An important function of the API, BRT, and the Chamber (collectively, “amici curiae”) is to represent the interests of their members in matters before Congress, the Executive Branch, and the courts. To that end, the amici curiae regularly file briefs in cases raising issues of concern to the nation’s business community.

This is one such case. The well-established “ordinary business exclusion” permits a public company to exclude from its proxy materials any shareholder proposal that seeks to interfere with the company’s ordinary business matters. 17 C.F.R. § 240.14a-8(i)(7).
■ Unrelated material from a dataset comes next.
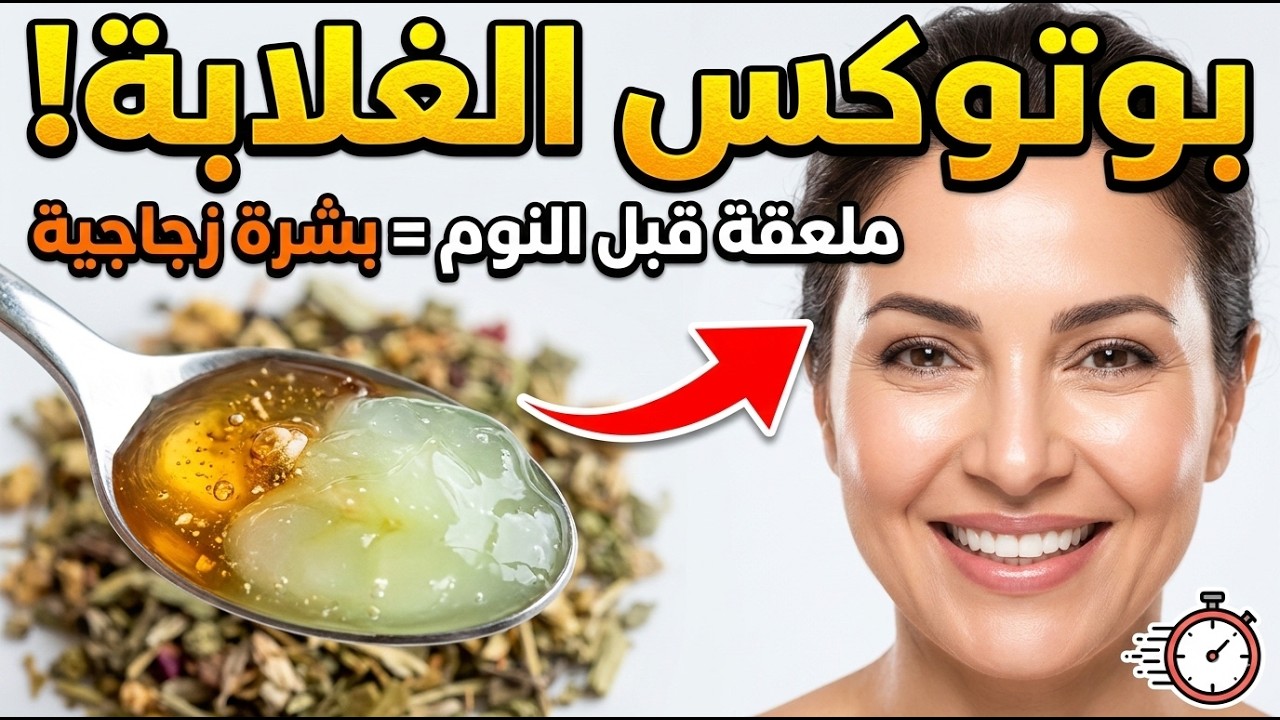 أقوى كولاجين طبيعي في بيتك.. ملعقة واحدة قبل النوم تشد الوجه وتخفي التجاعيد كأنكِ في العشرين!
Consistent with its longstanding recognition that a retailer’s selection of which products to sell is an ordinary business matter, the staff of the Securities Exchange Commission (“SEC”) agreed with Wal-Mart that the proposal of Trinity Wall Street (“Trinity”) falls within the scope of this exclusion. The district court, however, ruled that Wal-Mart could not exclude Trinity’s proposal from its proxy materials because Trinity’s proposal is framed as a request that Wal-Mart’s board review its selection of products to sell. This decision effectively nullifies the ordinary business exclusion, conflicts with the SEC’s longstanding interpretations of that exclusion, and disregards three decades of consistent SEC staff guidance. In particular, the district court’s analysis is diametrically opposed to the SEC’s 1983 interpretation of the ordinary business exclusion, which provides that a proposal seeking board or committee review of a matter may be excluded from a company’s proxy materials under the ordinary business exclusion if the subject matter of the board or committee review concerns ordinary business matters. If not reversed, the district court’s decision could precipitate an avalanche of shareholder proposals and related litigation. As representatives of many corporations subject to the shareholder-proposal process, the amici curiae speak on behalf of many of those likely to be most affected by the outcome of this appeal.